CDMA, going going gone?

The last few days have seen some rumblings in the telecoms sector in Nigeria. News (234Next | Thisday | Business Day) had it that Telkom is thinking of pulling out of Multilinks, a CDMA operator, or has even left (depends on who you ask) because its investment has gone down the flush bowl.

That wasn’t news to me because they started a loser’s game right from the word go. Defensive or “me too” investment is always a tragedy for any organization because it shows an obvious lack of strategic direction.

But that is for Multilinks.

Starcomms, the largest CDMA operator also pawned about 80% of its base stations to Swap Tech to offset the giganormous debt on their balance sheet.

These two stories don’t really mean much, businesses always run into trouble everywhere in the world, until everyone started saying CDMA business is bad in Nigeria. CDMA operators in Nigeria are having a tough time but the technology is not to blame. In North America, some of the largest operators use CDMA and are pretty successful. That GSM is the global dominant mobile standard points more to the strategy behind its introduction and less to the technology itself.

From my own experience there are some major faults with the CDMA operators in Nigeria that is hastily dragging them to their death.

  • One, they lack strategic directions. Considering that CDMA operators came before the GSM telcos, is their current debacle not surprising? Prior to the advent of GSM, the CDMA operators preferred to sell to the “elites”. Few had more than 30,000 lines on their switches. It was the age of mobile for the “big man”. Then GSM came, the flood gate was opened and CDMA has been playing catch up ever since
  • Two, the CDMA operators restricts customers only to the phones that they provide.
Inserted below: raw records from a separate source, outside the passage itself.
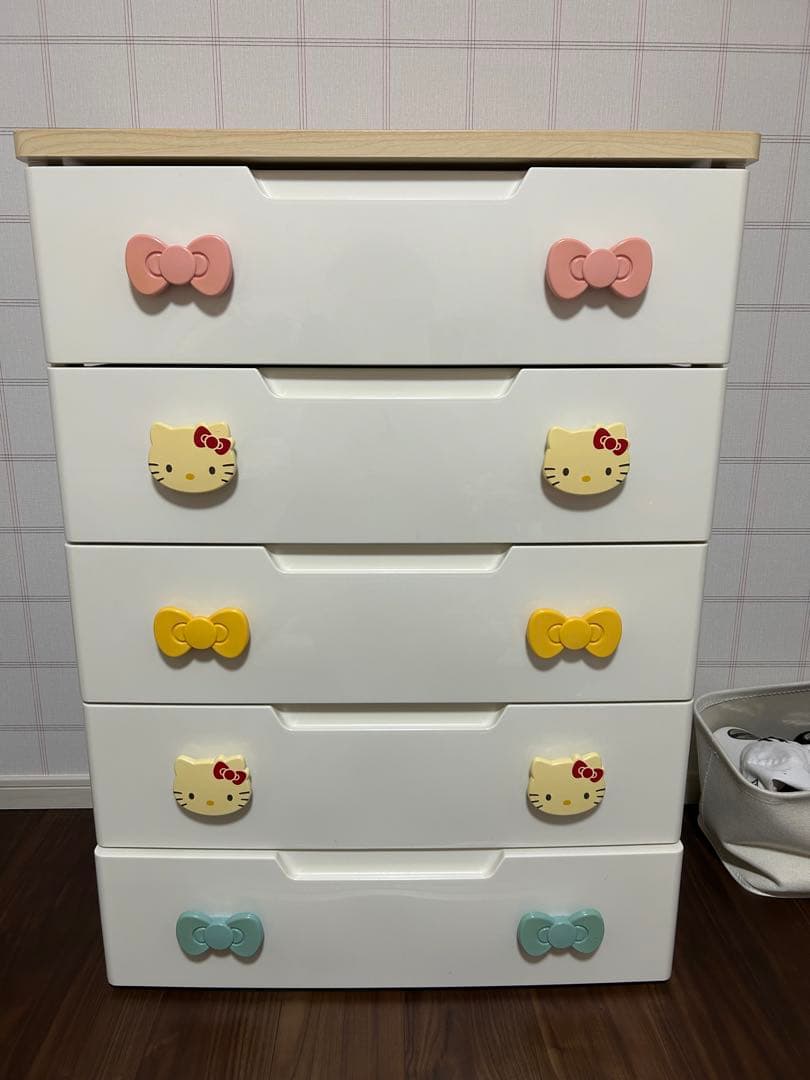 【美品】キティキッズチェスト 5段 アイリスオーヤマ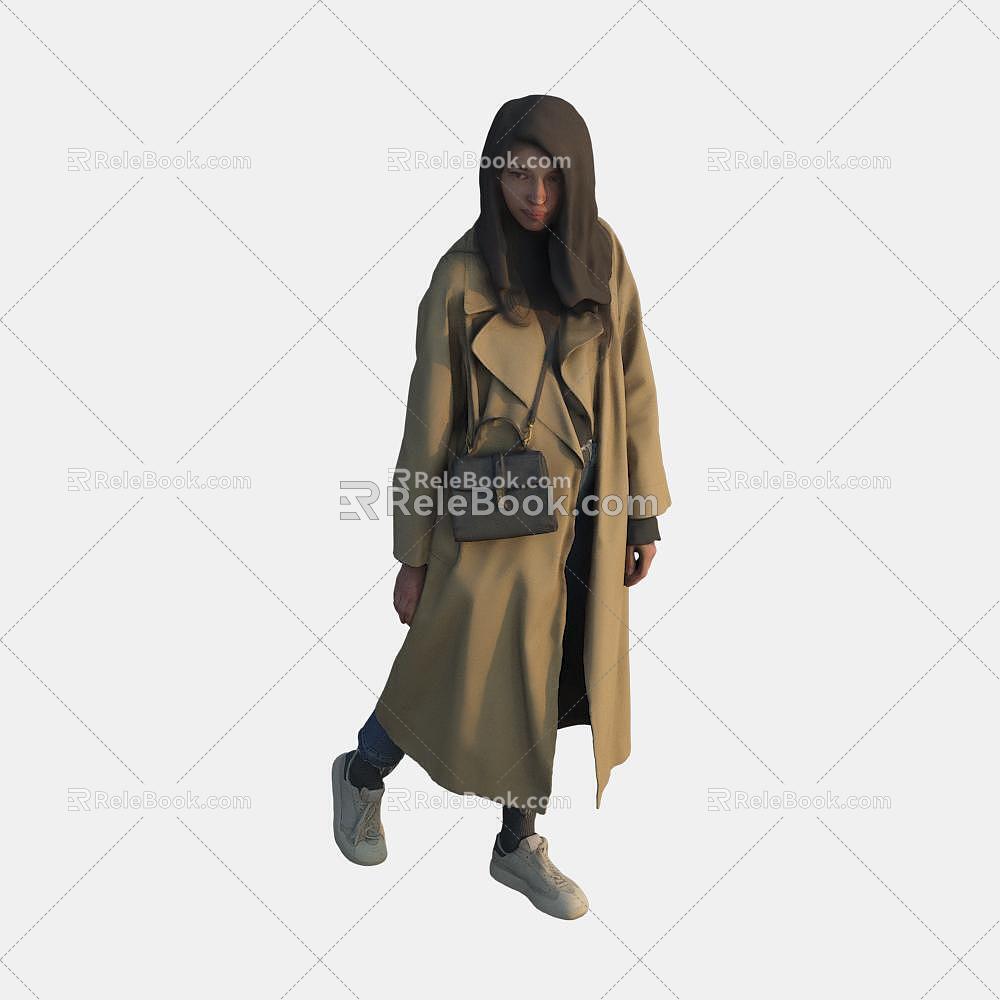 A foreign woman walking. 3d model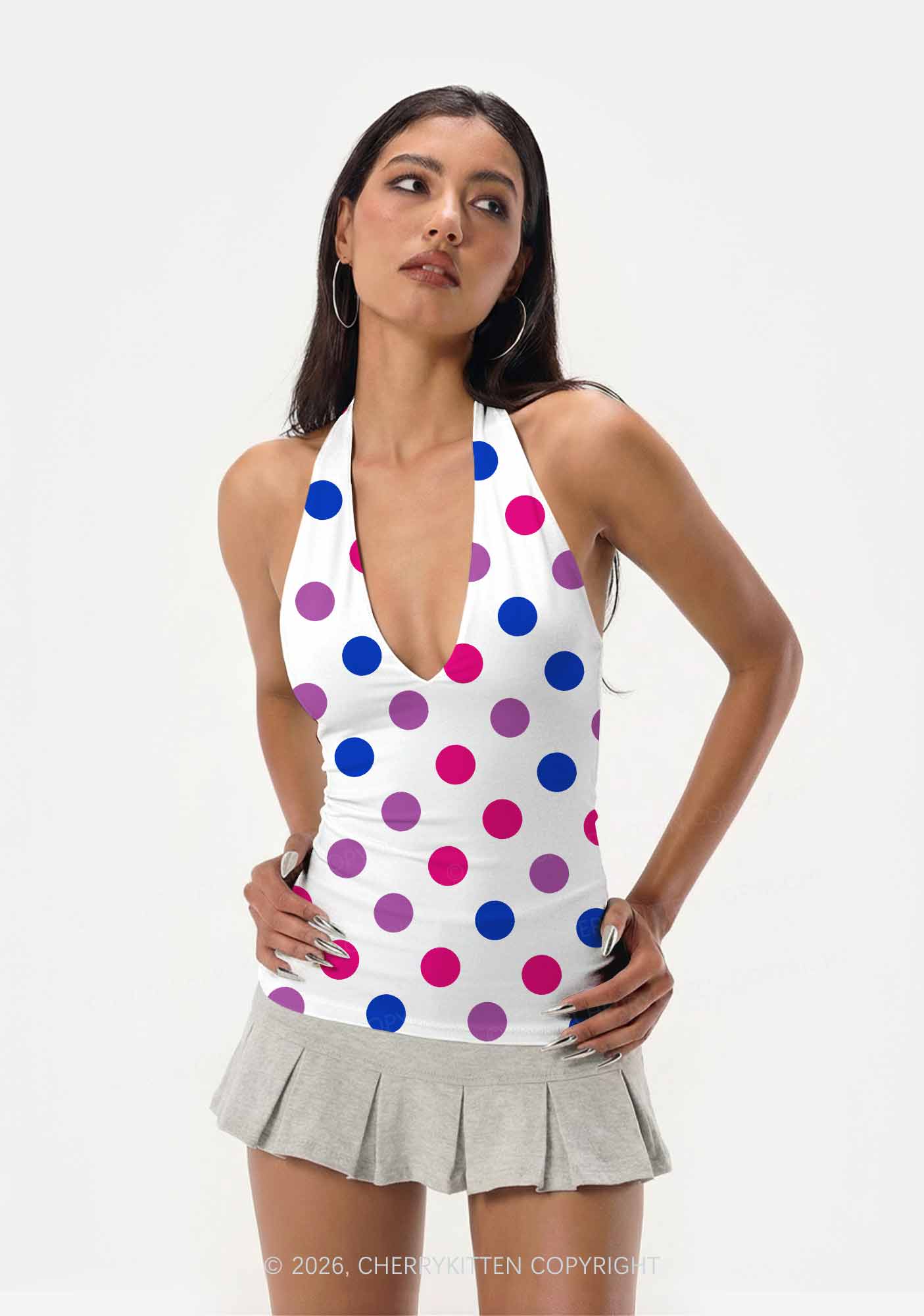 Bisexual Dots On White Pride Y2K Print Halter Deep V Neck Cami Cherrykitten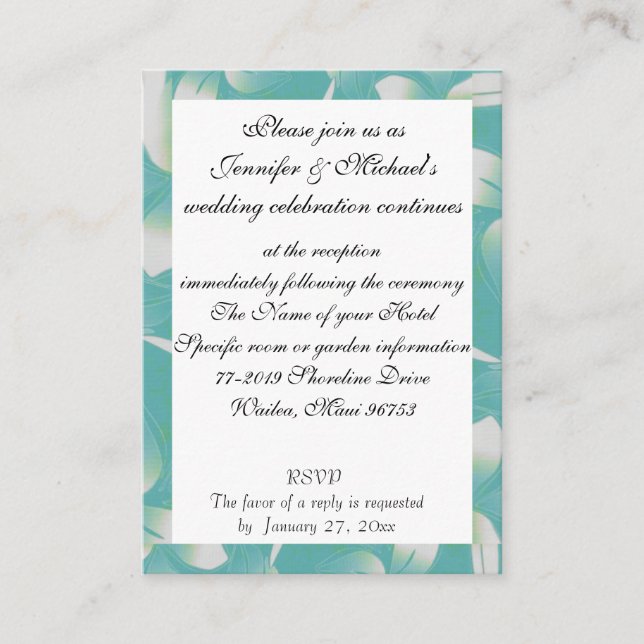 Hawaii Wedding Reception Enclosure Turquoise Flora Card (Front)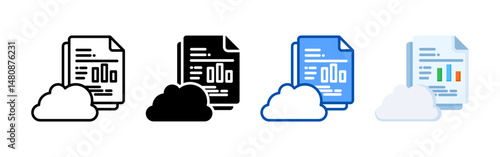 Cloud database icon set bundle. Multi style icon collection perfect for websites, apps, and presentations. Simple vector icon collection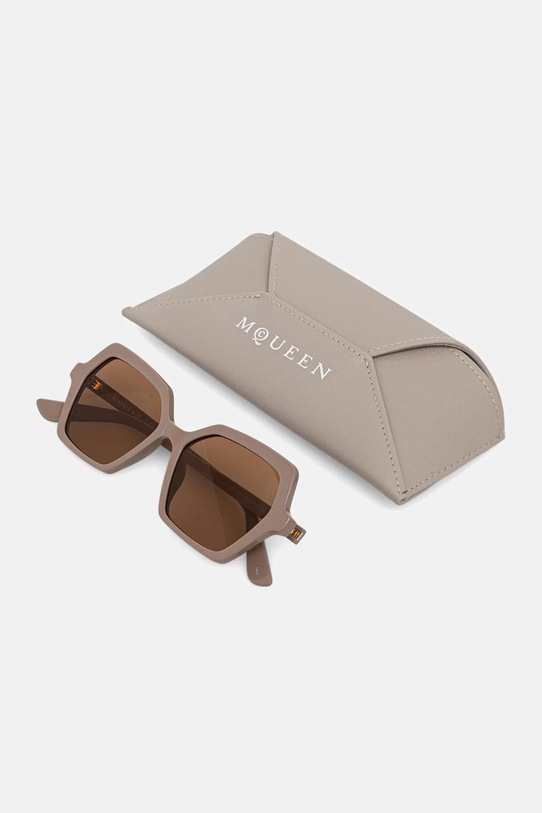 Alexander McQueen okulary przeciwsłoneczne AM0537S beżowy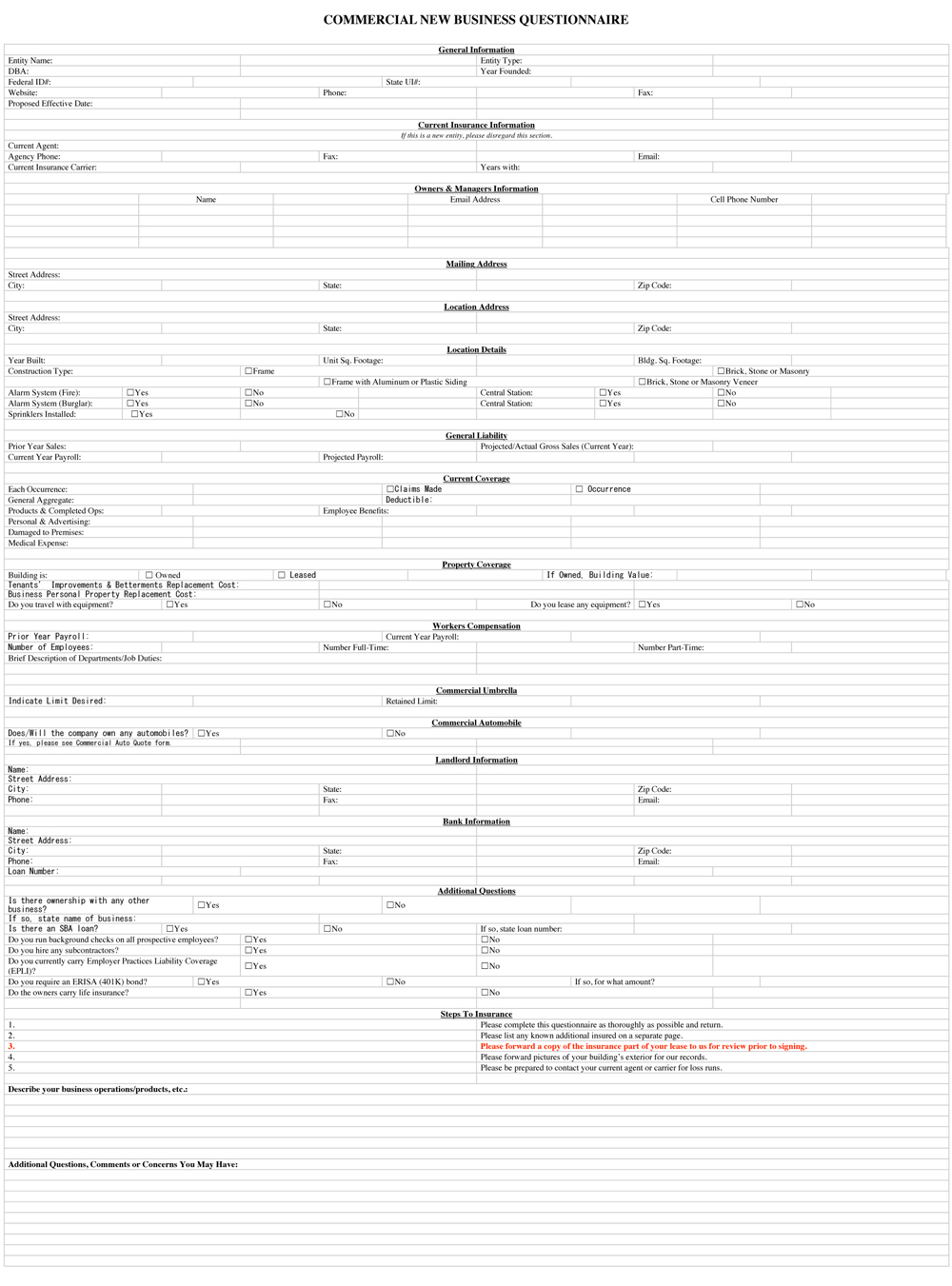 Schneider Insurance  Services - Commercial New Business Questionnaire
And usually these are very dumb ugly phones sold for exorbitant prices. So nobody wants to use them and those who do don’t use them as their main contact phones.
  • Three, phones aside, CDMA operators lacked features and service offerings. No blackberry, you can hardly browse on your phone, etc. But then the phones were basic so even if you could, the phone wouldn’t help matters anyway. Check out their websites and see the very lame products and service offerings
  • Four, when the GSM pulled right beyond them, they went into overdrive and started competing on cost. That was the last nail. After that everything just spiraled out of control.

Telecom is a volume business and unless you have a pretty good idea of what to draw in the crowd, you can’t compete. When Visafone was launched, it was a collection of different networks and with innovative marketing, leapfrogged to the fore quickly.

Vodacom (50% owned by Telkom then) had a chance to play in the GSM space in Nigeria but curiously, their boards played it away and the opportunity passed. But to show how crazy things could be, 8 years later they paid $280M to acquire Multilinks in Nigeria. Of course, the owners were ready to bail out of a losing market then and were more than happy to sell. Even despite paying top dollars, their strategy for turnaround was at best, facing the wrong direction. Today, the rest is history.

Consolidation of the telecoms market is a reality in every country. Maybe this is our time to shed the losers.